# Work instructions
Once the line holding "Lierys Classic Leather" is found, output it and all remaining lines of the data exactly, with every picture left out.

# Source material
*** Begin section ***
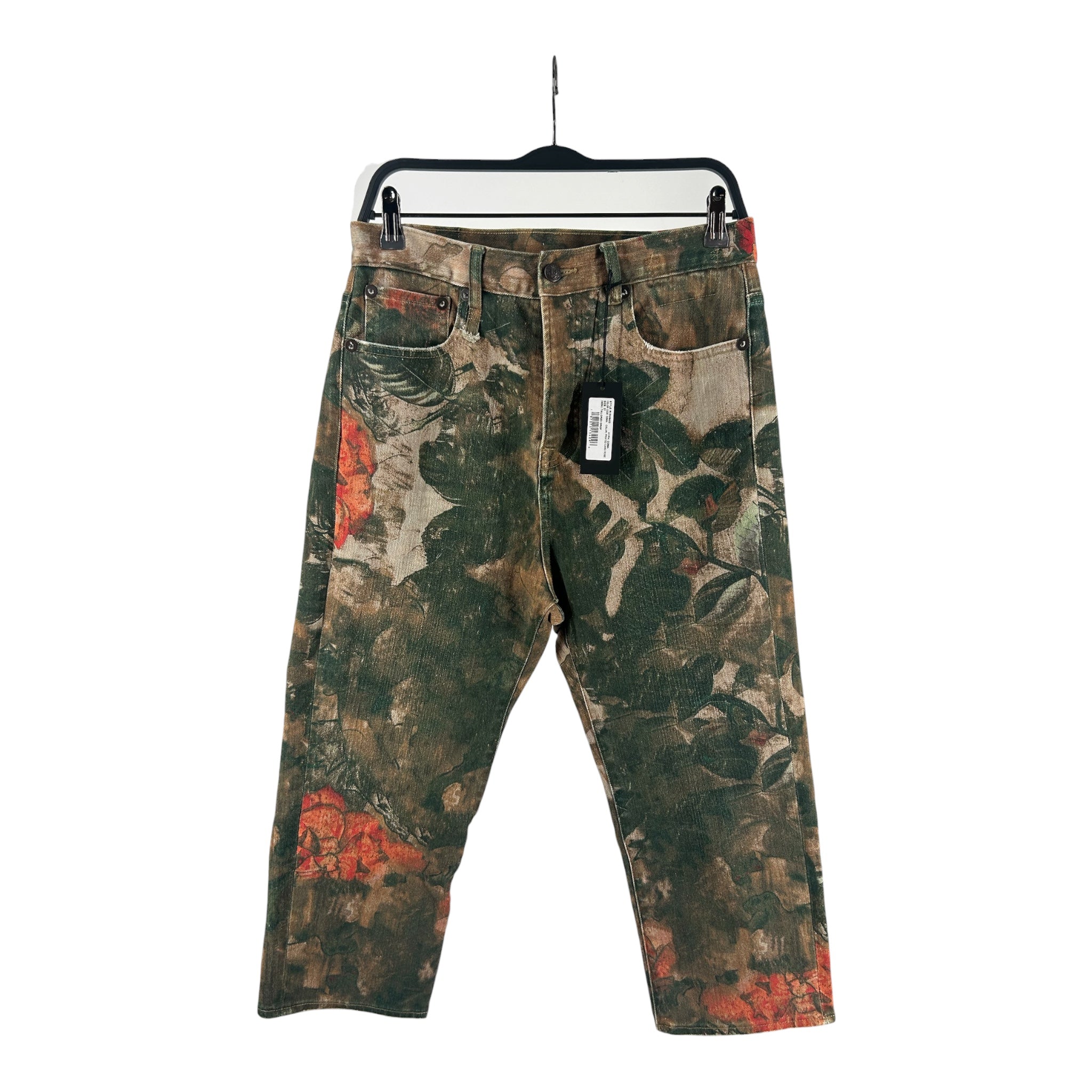 R13/Straight Pants/25/All Over Print/Cotton/MLT/tailored drop leaf pattern view 1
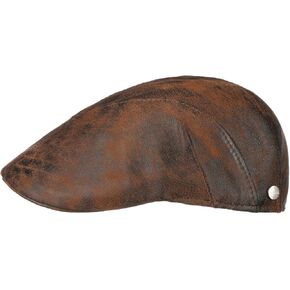 Lierys Classic Leather Flat Cap Men - Made in Italy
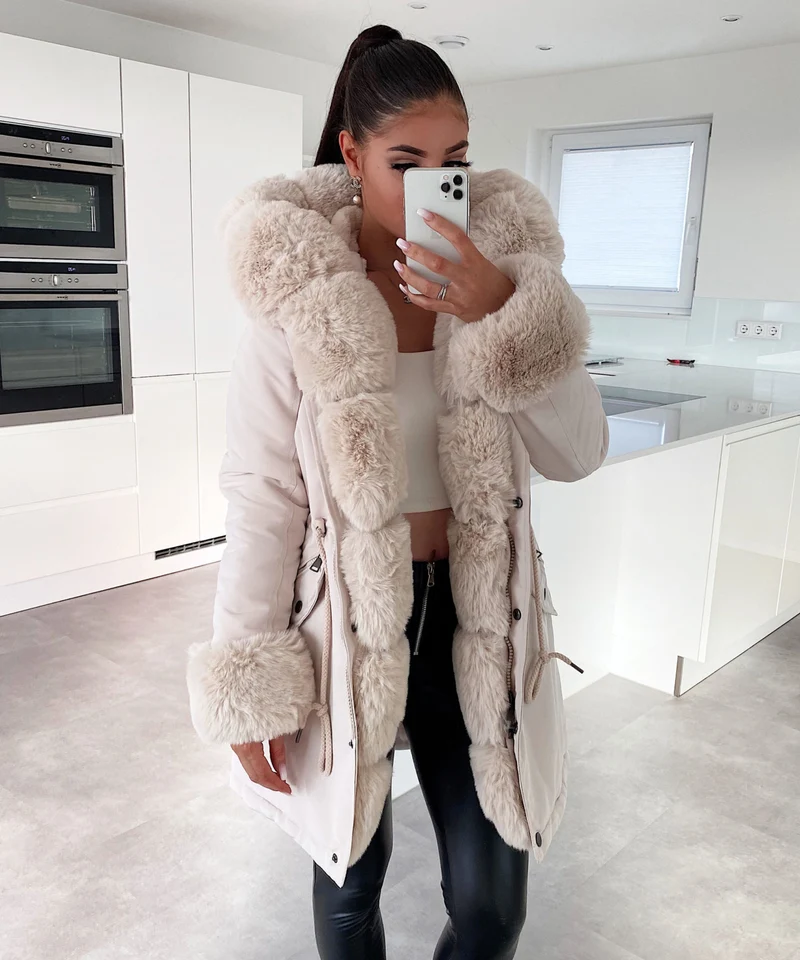 Kunstpelzjacke Glamour Beige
*** End section ***
# Exercise response
 Lierys Classic Leather Flat Cap Men - Made in Italy
 Kunstpelzjacke Glamour Beige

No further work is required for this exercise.